Milan: ottimismo dopo l'incontro con Glasner, ma bisogna attendere per la scelta definitiva

Gerry Cardinale vuole valutare tutti i candidati e completare il casting in stile Usa. Restano vive anche le piste Pochetino e Slot

Il Milan valuta con convinzione crescente l'opzione di affidare la propria panchina a Oliver Glasner. Questo è quanto emerge dall'incontro che si è svolto nelle scorse ore in Germania con l'ormai ex allenatore del Crystal Palace. Un ottimismo che coinvolge entrambe le parti e che cresce di ora in ora, per quanto la dirigenza rossonera ha già fatto intendere che avrà bisogno di tempo per prendere una decisione definitiva sul prossimo allenatore. 
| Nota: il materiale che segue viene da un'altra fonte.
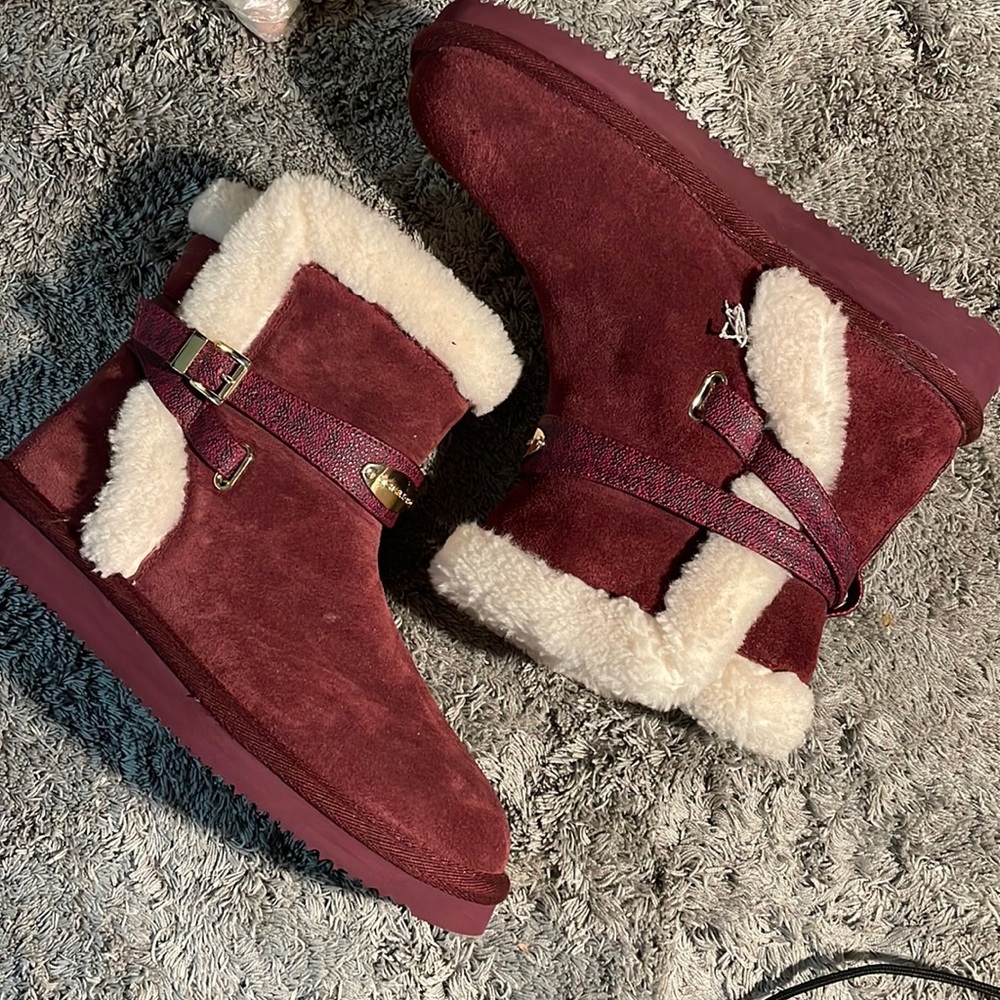 Brand New MK boots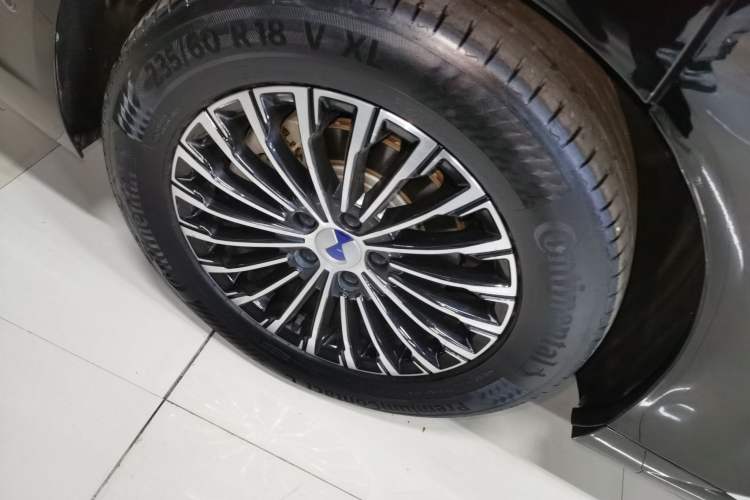 Used Denza D9 2022 DM-i 970 Four-Wheel Drive Flagship Model Right Rear Wheel Hub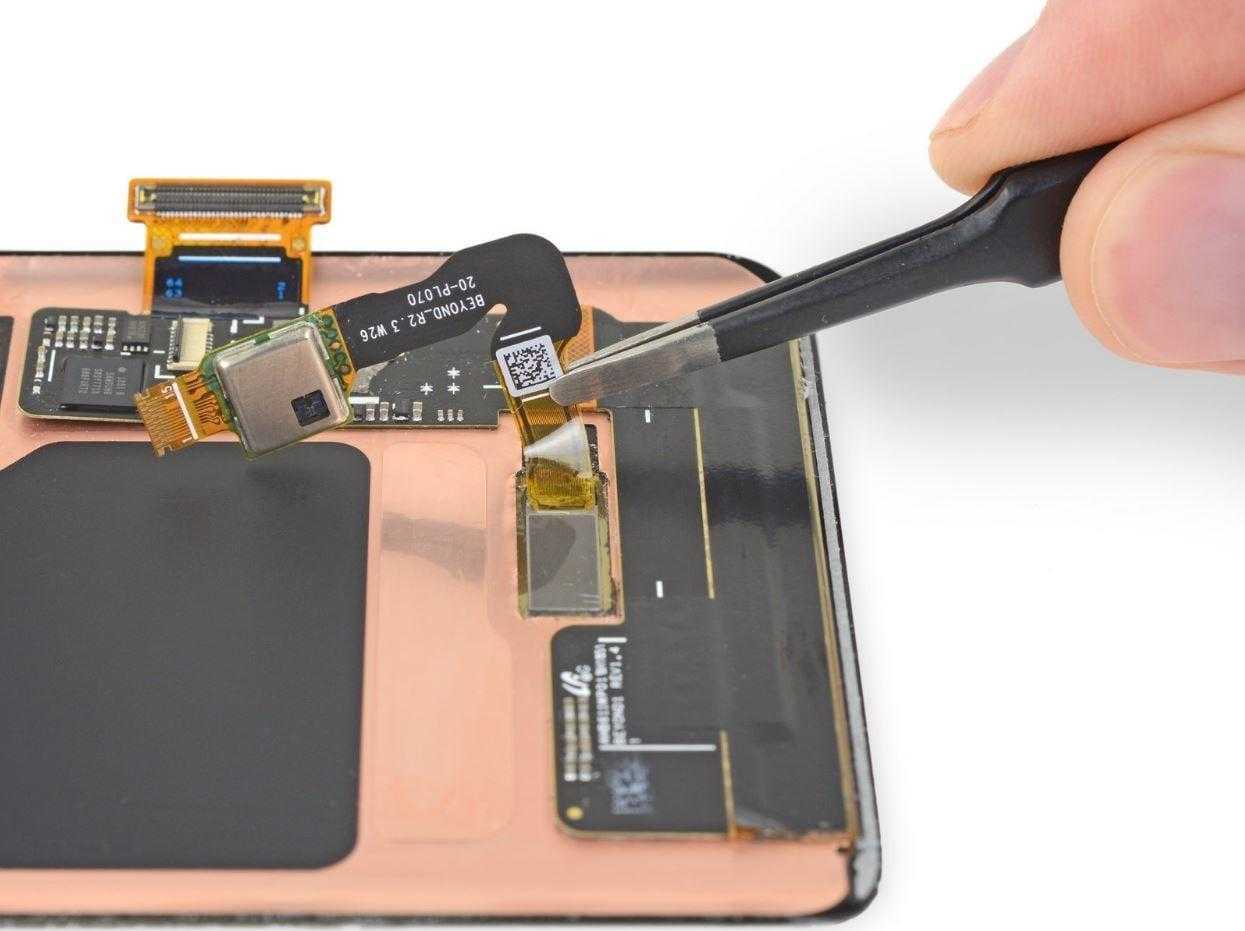 В iFixit разобрали Galaxy S10. Ремонтировать его будет сложно 6 ifixit s10 2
Perché? Perché in questo senso Gerry Cardinale (e di conseguenza i suoi emissari) ha impostato il casting con un approccio in stile Usa: incontri con i candidati, valutazione dei pro e dei contro e infine stringere l'accordo solo quando il confronto tra i vari tecnici avrà dato i suoi frutti.

Anche perché molto dipenderà dall'indirizzo tecnico che prenderà il club a partire dalla dirigenza. Ibra al centro o Rangnick a supervisionare il tutto? Un ds come l'ex Al Ittihad Ramon Planes oppure una struttura più snella? 

I passi in avanti delle ultime giornate però riguardano Glasner, che dopo circa 6 ore di faccia a faccia con il proprietario del club rossonero è uscito dalla lunga cena con sensazioni positive. Non è detto che questo porterà il club milanese a sceglierlo, ma è già un primo passo importante e i contatti tra le parti proseguono in modo costante. 

Restano comunque ancora aperte altre possibilità. Dal ritiro degli Usa, pronti al Mondiale da padroni di casa, Mauricio Pochettino ha di fatto confermato approcci iniziali tra il suo entourage e il Milan. Zlatan Ibrahimovic, con la sponda dell'agente Rafaela Pimenta, tiene aperta anche la strada Slot. Servirà ancora qualche giorno di pazienza e di sicuro altri incontri, magari finalmente risolutori.